◆ **TASK OBJECTIVE**
Only the lines in the entries below from the line with "Gros plan de" to the line with "HUNT - Hey There, Strawberry 8oz Candle", both included, belong in the answer, transcribed exactly and without pictures.

◆ **AVAILABLE RECORDS**
★ ★ ★ ★ ★ ★ ★
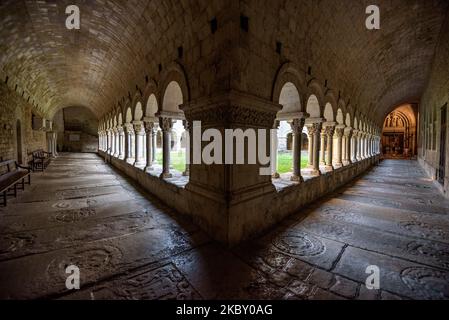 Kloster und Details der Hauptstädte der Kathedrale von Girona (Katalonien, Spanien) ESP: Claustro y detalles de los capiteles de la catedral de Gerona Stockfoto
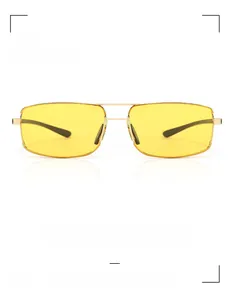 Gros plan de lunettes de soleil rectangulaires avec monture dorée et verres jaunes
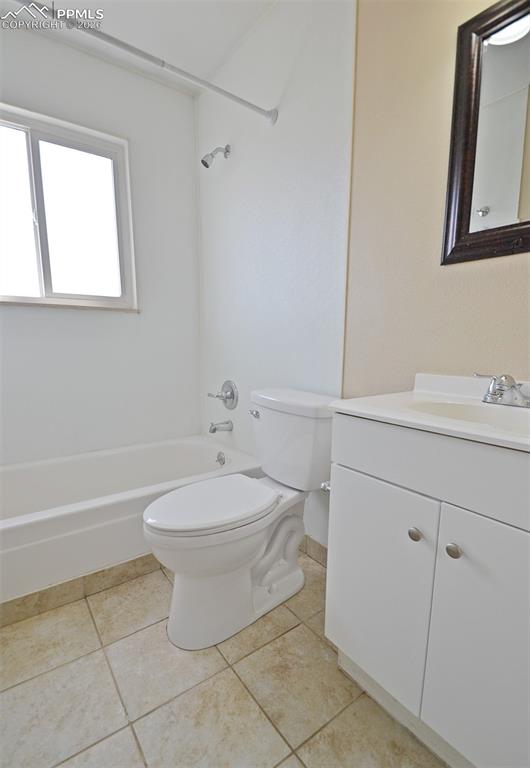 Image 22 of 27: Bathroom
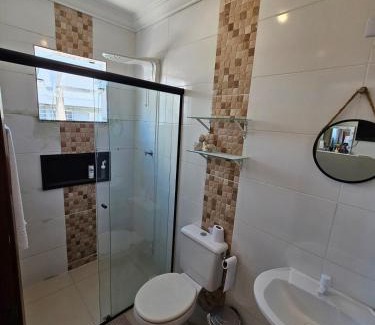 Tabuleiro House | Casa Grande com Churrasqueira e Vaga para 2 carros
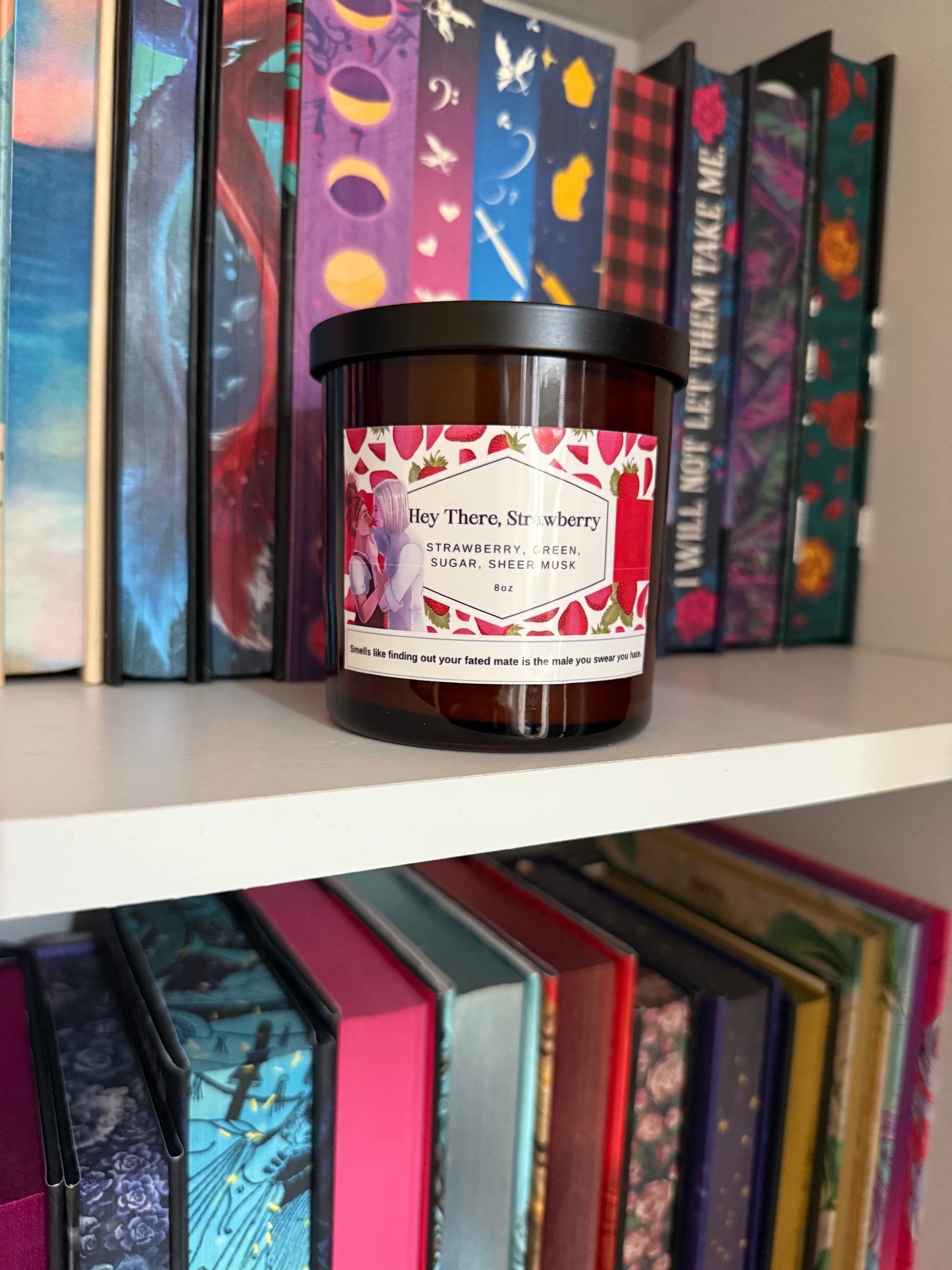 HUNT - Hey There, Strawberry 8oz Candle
★ ★ ★ ★ ★ ★ ★
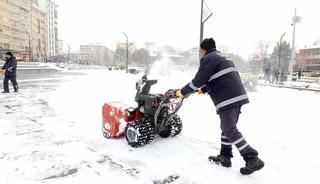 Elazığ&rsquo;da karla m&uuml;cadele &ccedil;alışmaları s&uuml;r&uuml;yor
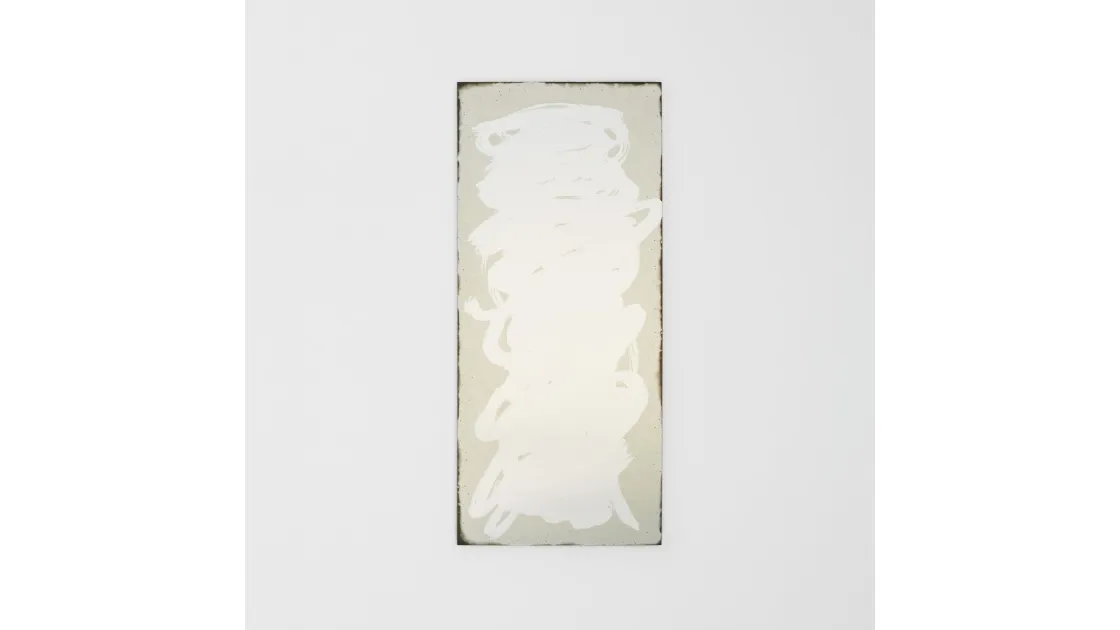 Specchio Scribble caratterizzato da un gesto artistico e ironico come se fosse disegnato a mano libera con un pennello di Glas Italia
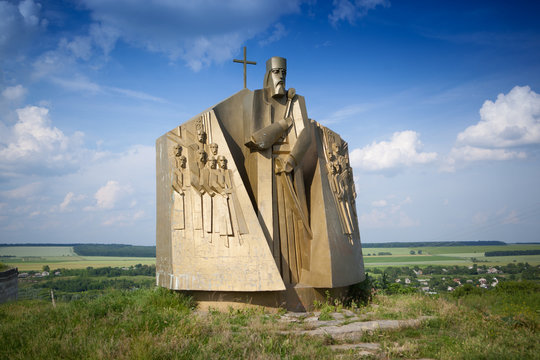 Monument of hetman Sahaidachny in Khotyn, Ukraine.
★ ★ ★ ★ ★ ★ ★
◆ **OUTPUT OF THE TASK**
 Gros plan de lunettes de soleil rectangulaires avec monture dorée et verres jaunes
 Image 22 of 27: Bathroom
 Tabuleiro House | Casa Grande com Churrasqueira e Vaga para 2 carros
 HUNT - Hey There, Strawberry 8oz Candle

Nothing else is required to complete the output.